## EXERCISE INSTRUCTIONS
The required answer is an exact copy of the lines from the one containing "Държавният глава на" to the end of the listing, both included, without any pictures.

## PROVIDED MATERIAL
━━━━━━

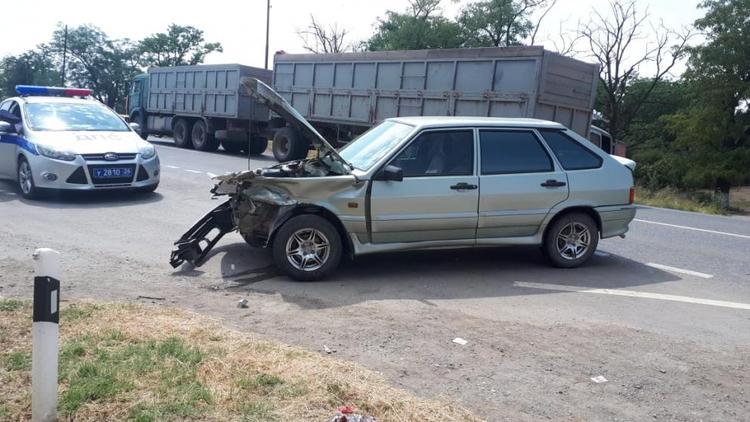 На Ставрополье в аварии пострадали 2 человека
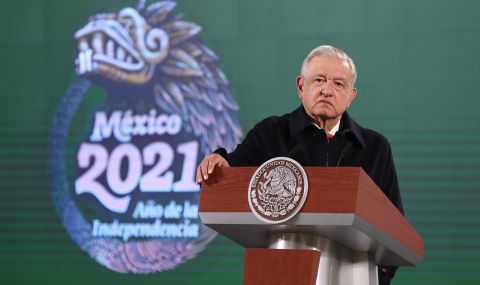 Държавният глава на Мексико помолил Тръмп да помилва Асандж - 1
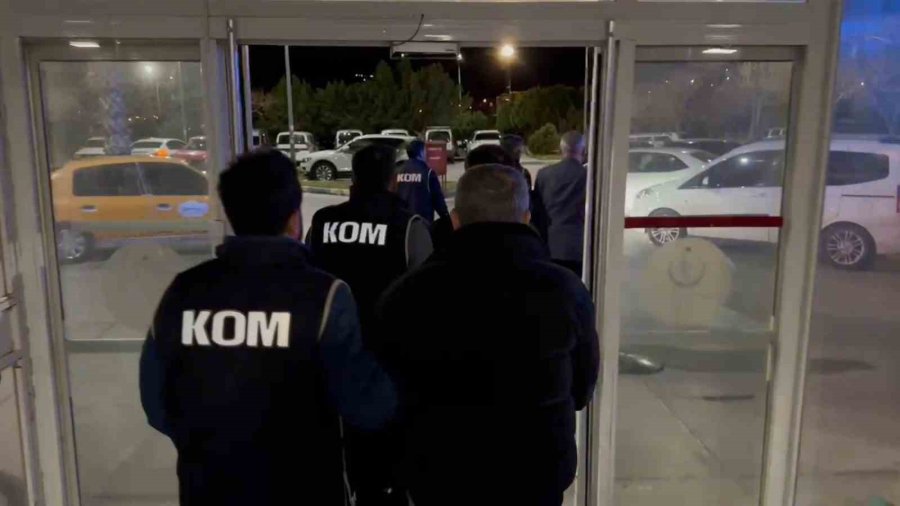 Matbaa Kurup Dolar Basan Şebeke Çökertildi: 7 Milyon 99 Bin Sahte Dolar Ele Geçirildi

━━━━━━

## TASK ANSWER
 Държавният глава на Мексико помолил Тръмп да помилва Асандж - 1
 Matbaa Kurup Dolar Basan Şebeke Çökertildi: 7 Milyon 99 Bin Sahte Dolar Ele Geçirildi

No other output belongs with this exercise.